Brother, modern phones are in no way comparable to AVR. They’re different classes of device by several orders of magnitude
You can change amount of bits back and forth many times, resample it may times and even do IIR and FIR filtering on the fly and they wouldn’t even bat an eye
Not targeting AVR specifically. Rasperry Pi RP2350 mostly and STM. But you are missing the point. Many different kinds of devices (cheap/expensive) same code base. I have the same objects running in Supercollider under linux and on bare metal. Different use cases. Pots and encoders, etc, etc. EDIT: Making music on a desktop is just not as much fun, for me and for those who purchase my machines.
strange is event that on xperia10ii the volume is 22%, on the xperia10V 46%, on the desktop it is 40%, anyway pulse or pipewire or something does remember 100% after replug to PC
Negative also on Volla Quintus and Xperia 10 V: USB DAC stops music playback when phone call arrives, the call goes to speakers, pressing play in the music player continues then output to USB DAC.
In my use case this is welcome since my wired earphones do not have a mic at all.
I think routing call audio to USB DAC is not supported at the moment but is something that is being investigated because support for wired headphones via that is becoming needed.
@mal fixed the missing module loads on xperia 10iii already and the FP 4/5 I believe were always correct.

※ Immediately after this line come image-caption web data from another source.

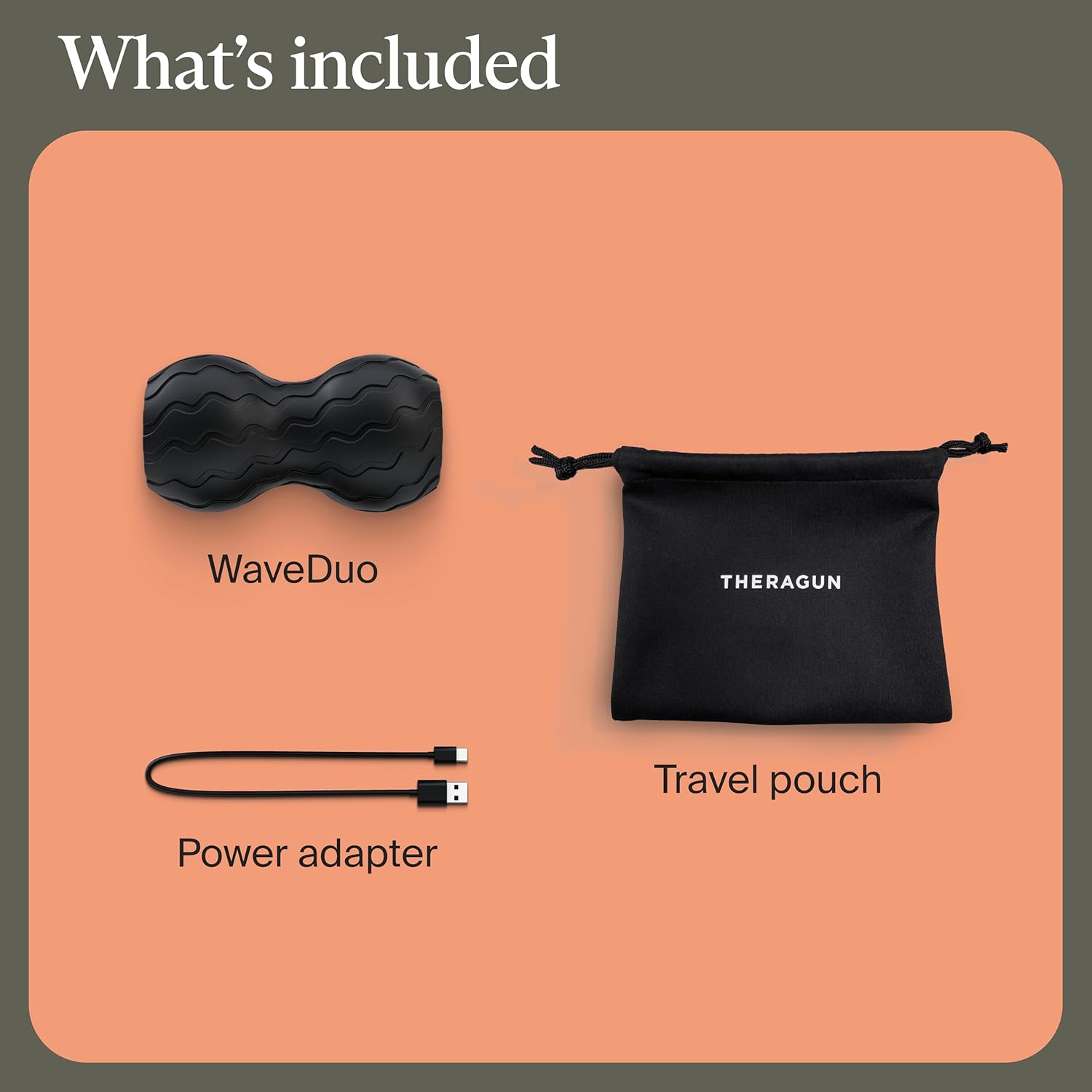 Theragun, Wave Duo, Vibrating Roller Massage Ball, Black
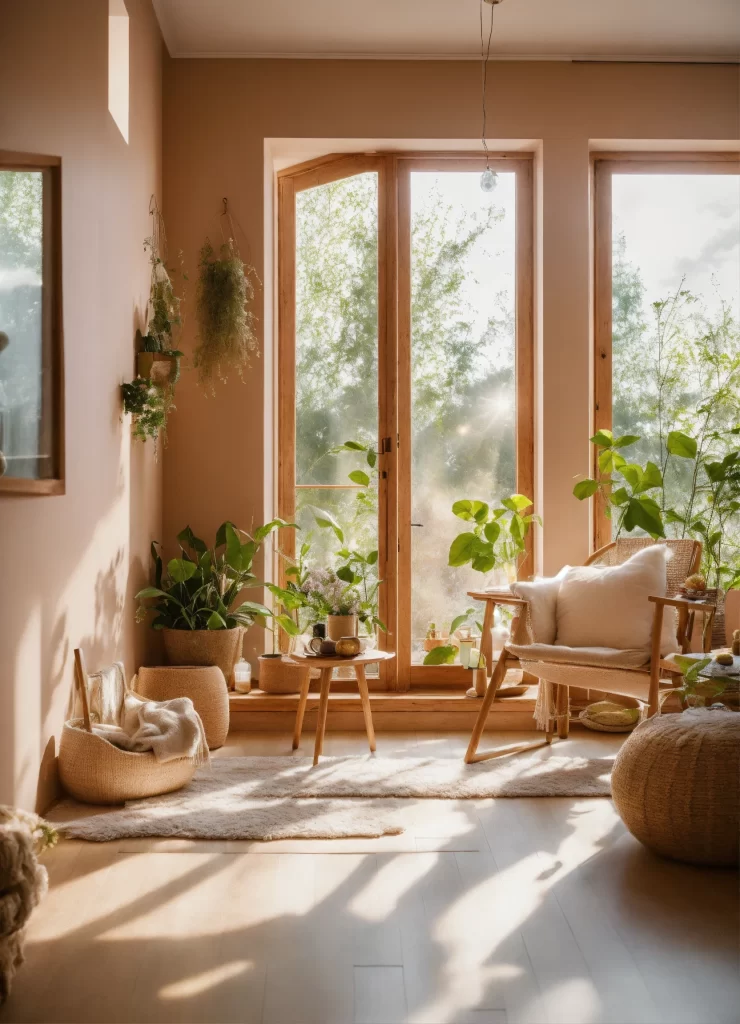 Ambiente iluminado com plantas e tons naturais, representando equilíbrio, presença e conexão com o lar segundo o Feng Shui.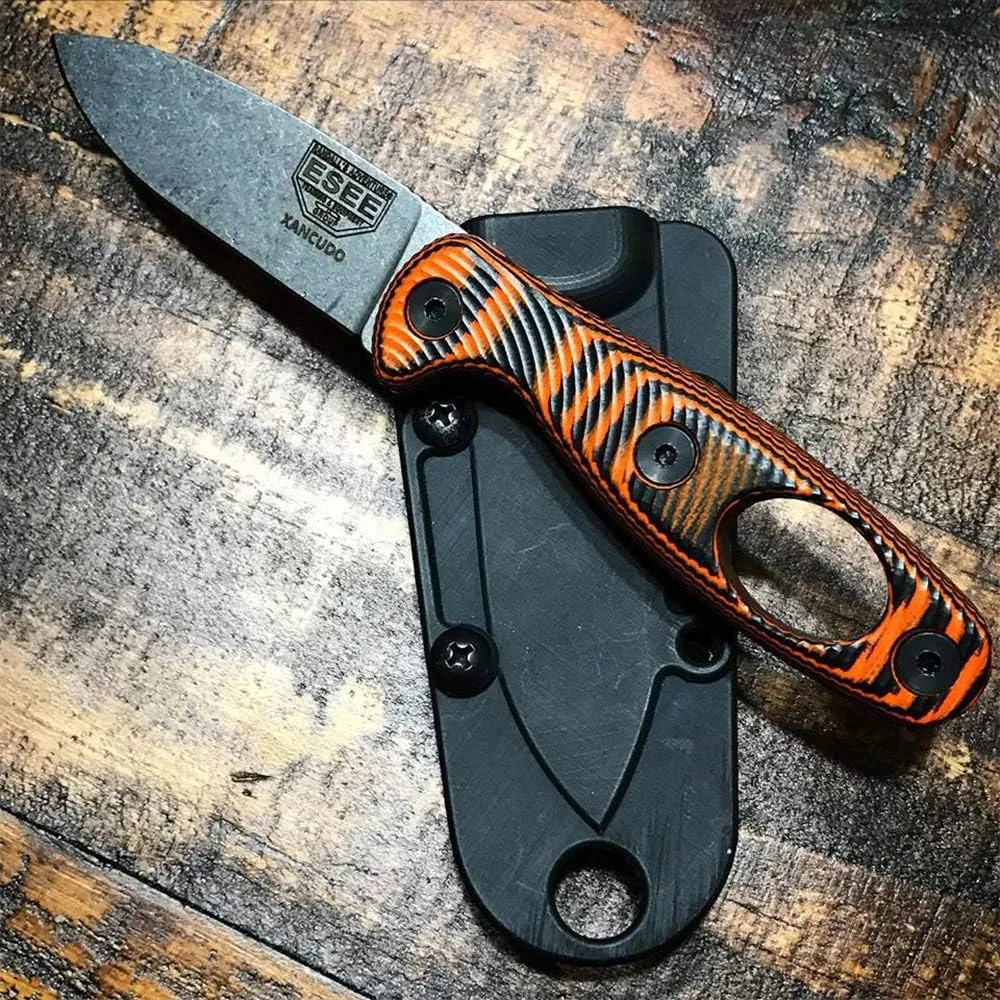 ESEE Xancudo S35V, Orange/Black G-10 3D Handle, Black Sheath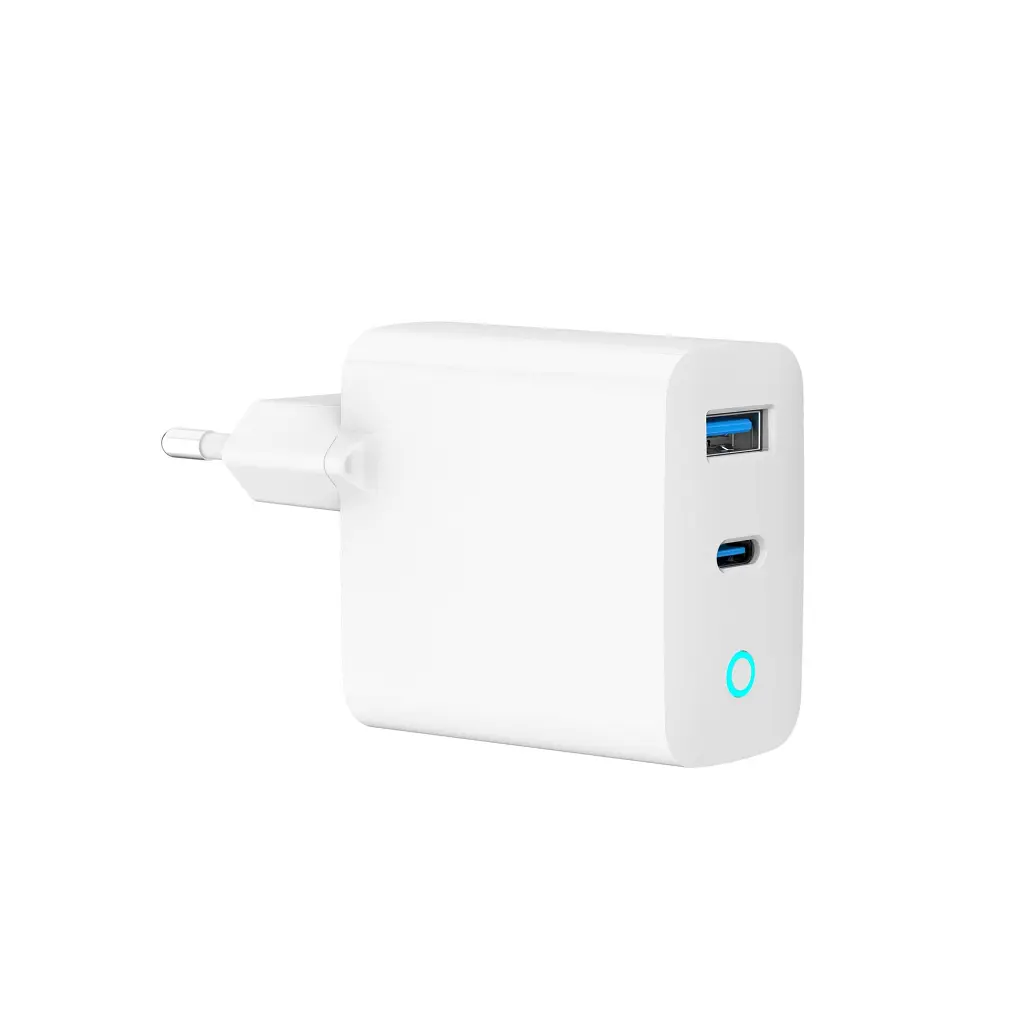 Зарядний пристрій Gembird 1хUSB-A (QC3.0 18W) + 1xType-C (PD 65W) white (TA-UC-PDQC65L-W-01) - фото 3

He’s aware of the routing issue and just needs a dongle. I keep having to update the docs, but he’s faster than I am
The wiki guide was updated last week. The one point which @mal underlined is that the usbaudio.conf file should be symlinked. That is what is recorded in the wiki.
cd /etc/pulse/xpolicy.conf.d/
ln -s usbaudio.conf.disabled usbaudio.conf
No, you’re right that the documentation is not user friendly. … I was just attempting to get things recorded before they sink into the nether regions of the forum. I need to revisit anything I write to make it easier to understand/use.
Note quite. @koza posted steps the were needed, for instance, to get an apple dongle’s volume to full spectrum, among other things. You’ll need to scroll up in this thread.